Речи к немецкой нации | страница 69
А значит, на общий вопрос о том, свободен ли человек, или не свободен, нет общего ответа; ибо именно потому, что человек свободен в низшем смысле слова, что он начинает с нерешительного колебания и шатания, он может быть свободен или же несвободен в высшем смысле слова. В действительности то, как тот или иной человек отвечает на этот вопрос, служит нам ясным зеркалом его подлинного внутреннего бытия. Кто в самом деле есть не более чем звено в цепи явлений, тот может, правда, на мгновение возомнить себя свободным, но эта иллюзия не устоит перед его более строгим мышлением; но каким он находит себя самого, таким же он необходимо представляет себе и весь род себе подобных. Но тот, чья жизнь охвачена подлинным и стала жизнью непосредственно из Бога, – тот свободен, и верит в свободу в себе и других.
Тот, кто верит в прочное, устойчивое и мертвое бытие, верит в него потому лишь, что он сам в себе мертв; и будучи мертв, он, как только достигнет полной ясности в самом себе, может верить только таким именно образом. Он сам, и весь род ему подобных, с самого начала и до конца, представляется ему неким вторым звеном и необходимым следствием из какого-нибудь предполагаемого им первого звена. Это предположение есть его действительное, а не только мыслимое мышление, его подлинный ум, та точка, где его мышление само непосредственно есть жизнь, и оно поэтому есть источник всего прочего его мышления, всех его оценок рода людского, в его прошлом, – в его истории, – в его будущем. – в том, что он от человеческого рода ожидает, – и в его настоящем, – в действительной жизни его самого и других.

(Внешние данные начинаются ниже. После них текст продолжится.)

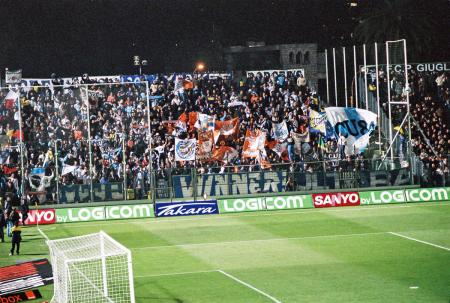 24-NICE-OM 01.jpg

Это мертвоверие, в его противоположности изначально живому народу, мы назвали иностранщиной. Эта иностранщина, стало быть, если уж она появилась среди немцев, должна будет обнаружиться и в их действительной жизни: как спокойная преданность необходимости своего бытия, которой отменить мы не можем, как отказ от всякого свободного усовершенствования и нас самих, и других людей, как наклонность принимать себя самого и всех других людей такими, каковы они есть, и извлекать из их бытия наибольшую возможную выгоду для себя; короче говоря, как непрестанно отражающееся во всех жизненных движениях человека исповедание его веры во всеобщую и равномерную греховность всех людей, которую я достаточно подробно представил в другом месте28. Предоставляю Вам самим перечитать это мое описание, а также оценить, насколько верно оно для настоящего времени. Этот образ мысли и действий возникает у духовно мертвых, как мы не раз уже напоминали, только оттого, что эта омертвелость достигает полной ясности в самой себе, между тем как, пока она пребывает во тьме, она сохраняет и веру в свободу, – веру, которая сама по себе истинна, и иллюзорна лишь применительно к ее нынешнему бытию. Отсюда с очевидностью следует, сколь невыгодна внутренняя ясность для дурной души. Пока дурной человек остается во тьме, непрестанный призыв к свободе всегда беспокоит, пришпоривает и подгоняет его, и доставляет точку опоры для попыток его исправить. Ясность же делает дурное вполне дурным, и придает ему законченность в самом себе; она доставляет ему радостную преданность, спокойствие чистой совести и самодовольство. С этими людьми происходит тогда по вере их. они становятся отныне поистине неисправимыми, и годятся, самое большее, лишь на то, чтобы поддерживать в тех, кто лучше их душой, живое отвращение от дурного и преданность воле Божией, а больше не годны ни на что на свете.